FRANCISTOWN: An elephant and its calf recently went on the rampage at the Ngwasha Veterinary Control Gate leaving police officers and other civil servants stationed there in fear.
When confirming the incident, Nata Police station commander, Superintendent Vincent Pitseetsile said the elephants destroyed a generator and an ablution block at the scene.
Pitseetsile said the elephants also damaged some of the officers’ and government properties.
The incident, the police chief added, has left police officers and civil servants living within the vicinity of the Veterinary Control Gate terrified as their lives are in great danger.

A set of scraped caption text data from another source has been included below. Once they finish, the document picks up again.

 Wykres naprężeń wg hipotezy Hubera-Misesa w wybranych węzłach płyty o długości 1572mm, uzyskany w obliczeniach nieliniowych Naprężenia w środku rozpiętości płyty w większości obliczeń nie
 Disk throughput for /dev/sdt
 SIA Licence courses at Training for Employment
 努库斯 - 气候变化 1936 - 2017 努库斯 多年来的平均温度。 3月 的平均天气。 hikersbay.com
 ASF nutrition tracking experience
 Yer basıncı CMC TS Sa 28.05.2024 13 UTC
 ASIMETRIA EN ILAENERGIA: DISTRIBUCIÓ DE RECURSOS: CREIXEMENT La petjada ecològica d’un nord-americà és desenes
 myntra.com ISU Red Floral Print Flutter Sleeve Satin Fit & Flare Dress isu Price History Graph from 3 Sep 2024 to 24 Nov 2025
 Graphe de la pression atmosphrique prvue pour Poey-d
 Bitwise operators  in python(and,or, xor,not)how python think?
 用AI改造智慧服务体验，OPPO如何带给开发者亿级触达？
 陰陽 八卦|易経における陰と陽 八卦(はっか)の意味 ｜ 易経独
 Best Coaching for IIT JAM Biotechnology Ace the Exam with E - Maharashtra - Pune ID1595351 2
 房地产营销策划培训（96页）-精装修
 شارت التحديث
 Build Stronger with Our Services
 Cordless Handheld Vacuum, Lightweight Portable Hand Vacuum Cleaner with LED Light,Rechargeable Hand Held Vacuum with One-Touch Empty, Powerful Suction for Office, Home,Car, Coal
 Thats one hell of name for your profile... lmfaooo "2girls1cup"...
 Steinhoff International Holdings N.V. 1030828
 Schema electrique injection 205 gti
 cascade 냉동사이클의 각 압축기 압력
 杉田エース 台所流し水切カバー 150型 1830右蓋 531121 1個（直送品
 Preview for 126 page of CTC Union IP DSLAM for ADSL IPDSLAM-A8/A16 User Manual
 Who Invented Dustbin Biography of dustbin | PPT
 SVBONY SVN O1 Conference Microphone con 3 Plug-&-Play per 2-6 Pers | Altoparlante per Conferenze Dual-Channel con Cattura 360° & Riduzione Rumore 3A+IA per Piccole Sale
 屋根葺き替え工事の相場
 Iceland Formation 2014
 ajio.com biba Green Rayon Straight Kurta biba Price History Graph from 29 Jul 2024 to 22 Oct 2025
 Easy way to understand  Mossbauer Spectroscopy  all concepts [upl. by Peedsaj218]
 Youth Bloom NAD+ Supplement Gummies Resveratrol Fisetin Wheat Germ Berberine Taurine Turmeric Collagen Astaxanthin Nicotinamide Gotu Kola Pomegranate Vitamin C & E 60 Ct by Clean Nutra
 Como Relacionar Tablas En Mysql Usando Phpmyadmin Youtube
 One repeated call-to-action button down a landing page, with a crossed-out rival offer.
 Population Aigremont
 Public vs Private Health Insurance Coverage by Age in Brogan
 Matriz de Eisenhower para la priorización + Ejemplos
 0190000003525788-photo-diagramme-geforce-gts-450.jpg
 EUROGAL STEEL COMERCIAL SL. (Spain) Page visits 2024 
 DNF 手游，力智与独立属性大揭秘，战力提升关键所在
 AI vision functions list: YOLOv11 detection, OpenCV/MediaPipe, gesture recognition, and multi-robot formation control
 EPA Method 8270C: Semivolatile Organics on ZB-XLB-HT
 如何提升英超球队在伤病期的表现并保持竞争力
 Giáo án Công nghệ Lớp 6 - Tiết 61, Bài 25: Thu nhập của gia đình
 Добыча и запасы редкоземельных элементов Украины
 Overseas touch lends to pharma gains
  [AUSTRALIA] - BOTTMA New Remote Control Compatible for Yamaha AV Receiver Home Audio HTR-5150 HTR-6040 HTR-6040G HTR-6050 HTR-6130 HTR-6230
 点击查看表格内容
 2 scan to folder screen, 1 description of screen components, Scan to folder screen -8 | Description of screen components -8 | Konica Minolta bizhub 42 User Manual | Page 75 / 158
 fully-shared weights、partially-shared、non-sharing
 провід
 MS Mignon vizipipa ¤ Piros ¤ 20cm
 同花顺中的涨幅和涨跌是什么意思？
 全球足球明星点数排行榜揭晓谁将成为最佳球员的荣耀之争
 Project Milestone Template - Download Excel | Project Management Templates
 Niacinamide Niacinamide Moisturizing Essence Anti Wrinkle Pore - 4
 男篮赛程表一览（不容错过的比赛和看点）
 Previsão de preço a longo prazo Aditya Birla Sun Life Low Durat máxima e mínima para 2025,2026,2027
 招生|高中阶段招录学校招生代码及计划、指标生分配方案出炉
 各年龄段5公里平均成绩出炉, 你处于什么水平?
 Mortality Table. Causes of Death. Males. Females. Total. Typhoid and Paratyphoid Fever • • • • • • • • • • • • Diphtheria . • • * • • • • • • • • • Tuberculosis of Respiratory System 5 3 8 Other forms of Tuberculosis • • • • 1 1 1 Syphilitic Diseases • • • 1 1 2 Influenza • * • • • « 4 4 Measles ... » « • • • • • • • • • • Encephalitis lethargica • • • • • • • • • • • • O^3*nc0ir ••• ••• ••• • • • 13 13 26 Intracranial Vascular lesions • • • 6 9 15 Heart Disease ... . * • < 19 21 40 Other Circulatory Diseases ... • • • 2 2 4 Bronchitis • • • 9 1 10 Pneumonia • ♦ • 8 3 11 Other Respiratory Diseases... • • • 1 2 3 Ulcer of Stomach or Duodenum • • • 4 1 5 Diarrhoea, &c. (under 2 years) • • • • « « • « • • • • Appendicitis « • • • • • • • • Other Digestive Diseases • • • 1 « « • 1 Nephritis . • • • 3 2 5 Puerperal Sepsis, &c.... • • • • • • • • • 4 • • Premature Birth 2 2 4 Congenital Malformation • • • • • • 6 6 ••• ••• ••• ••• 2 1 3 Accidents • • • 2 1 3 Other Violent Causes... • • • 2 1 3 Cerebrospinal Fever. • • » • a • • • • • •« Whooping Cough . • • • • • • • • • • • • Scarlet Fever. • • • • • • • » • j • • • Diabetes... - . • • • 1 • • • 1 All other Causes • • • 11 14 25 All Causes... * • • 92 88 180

“The incident happened when the elephant tried to save its calf that was trapped in a drain while looking for water.
Its mother then lost temper and went on the rampage destroying property. People then ran (off) in different directions fearing for their dear lives,” Pitseetsile said.
Even though Pitseetsile was concerned about the damage caused by the two elephants, he was glad that no one was harmed.
The matter, he said, was reported to wildlife authorities.
He added that wildlife officers came on time and managed to rescue the calf.
“The angry elephant then walked away with her calf. The situation became normal after the elephants left, leaving government and police officers counting losses,” Pitseetsile said.
“We are yet to quantify the extent of the damage that the elephants caused during the rampage,” he added.
In his inaugural speech on Friday at the University of Botswana Indoor Sports Arena, President Mokgweetsi Masisi touched on the issue of human-wildlife conflict.
“As you may be aware, in the recent past, Botswana has experienced high incidences of human-wildlife conflict particularly relating to elephants due to their significant increase in population.”
When speaking about some of the strategies set aside for wildlife conservation, Masisi said approximately 40% of Botswana’s land mass is in the form of national parks, game reserves and Wildlife Management Areas.
The President said despite this land reservation, elephant population has increased beyond the capacity of the game reserves to trespass into human settlement areas and raised conflict.